Reply to post: Foreboding Forecast?

No, no, you're all wrong. That's not a Kremlin agent. It's someone with 'inauthentic behavior'

Anonymous Coward
Anonymous Coward

Foreboding Forecast?

One does get a sense that governments all over are beginning to gun for Facebook, Twitter, Google. In my opinion their current business models are taking the companies on a road to corporate disaster, it's just a matter of when it becomes unsustainable in the face of regulation, laws, fines, and special taxes.

It would be especially ironic if companies so fond of the word "trending" fail to respond to the likely changes in the legal environment within which they operate. Yet so far they sound like they're trying to ignore the increasing levels of government criticism, determined to not change at all, adamant that change is not required.

However, they have to greater or lesser extents admitted that change is required. Hence measures such as AI moderation. But clearly these are simply short term technological bluster because it isn't working and they're not going to work well enough soon enough. They not even keeping up with the trends in their users' activity (e.g. incitements to murder / genocide) that cause newsworthy events (the incited murders / genocide) that they themselves then report by scraping stories from other people's websites. Doesn't say much for their vaunted analytics, does it? At some point they're going to have to admit that they cannot adequately moderate the objectionable content, or prevent users creating more of it, or even spot it happening in the first place.

So then what? Take the rap, pay the fines, and carry on? Sounds unlikely. Force users to provide legally admissible ID (e.g. bank details, validated through a credit card transaction?) for accounts so that users take the rap in court instead? Sounds like the only way to survive. It also sounds like a good way of disappearing entirely if one is not offering a substantively useful service, because who really wants to have to pay for a myriad of frivolous messaging services when only one is needed?

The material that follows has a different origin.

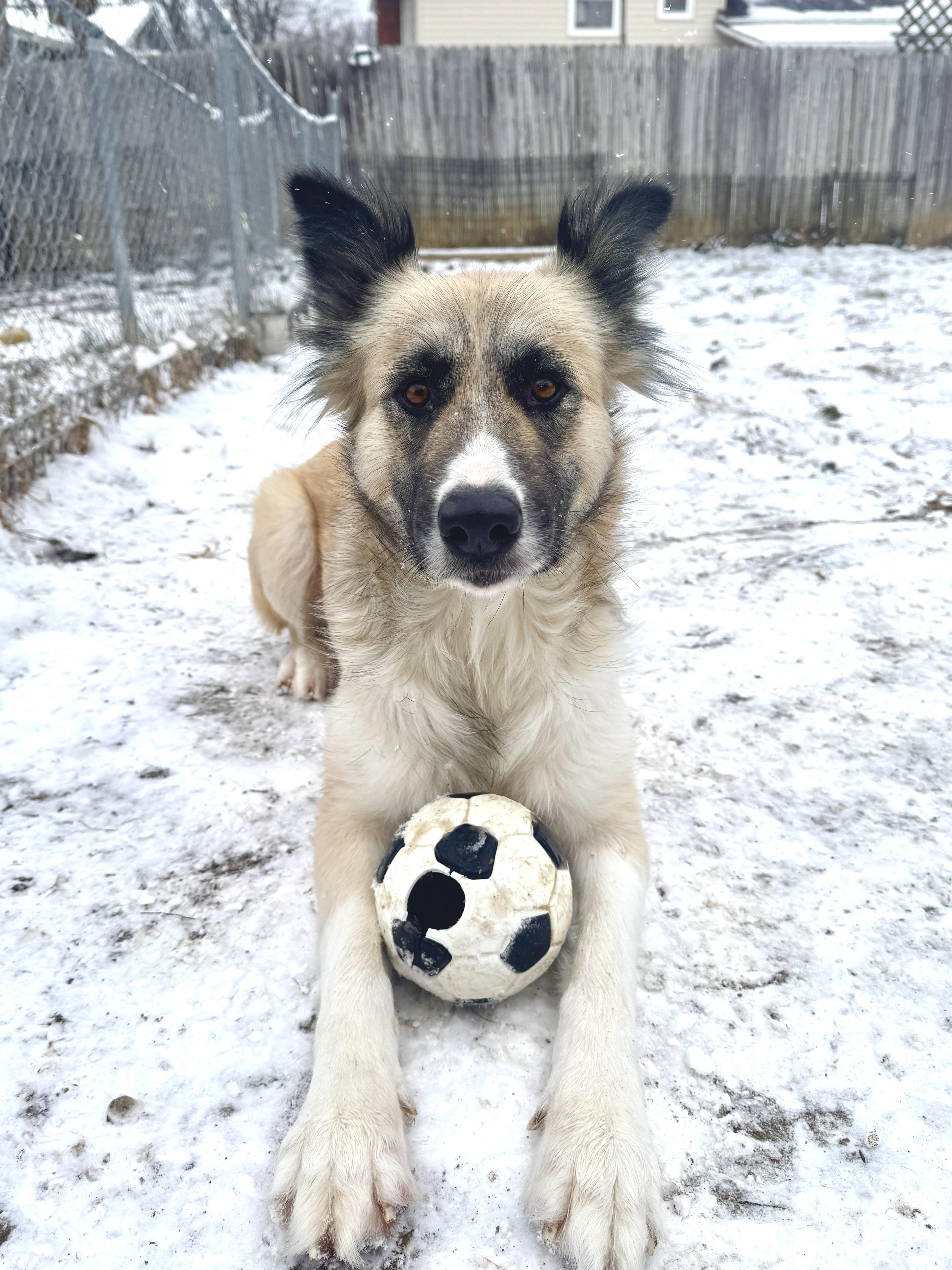Enlarge Cora, a Adoptable mixed breed in Silver Spring, MD image 2/6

I can see Google surviving such a transition, because they actually offer useful services (search, maps). Facebook, Twitter, Instagram, Snapchat? Likely not, especially if Google got its act together and did a decent messaging app and stuck with it for more than 6 months.

Question is, would Google then survive the resulting monopoly / anti-trust investigation? Probably not. They're already losing on that front anyway.

Interestingly I've not mentioned Amazon, Apple or Microsoft. Perhaps there really is a long term future in selling something tangible to paying customers for an honest profit, instead of syphoning off the advertising business.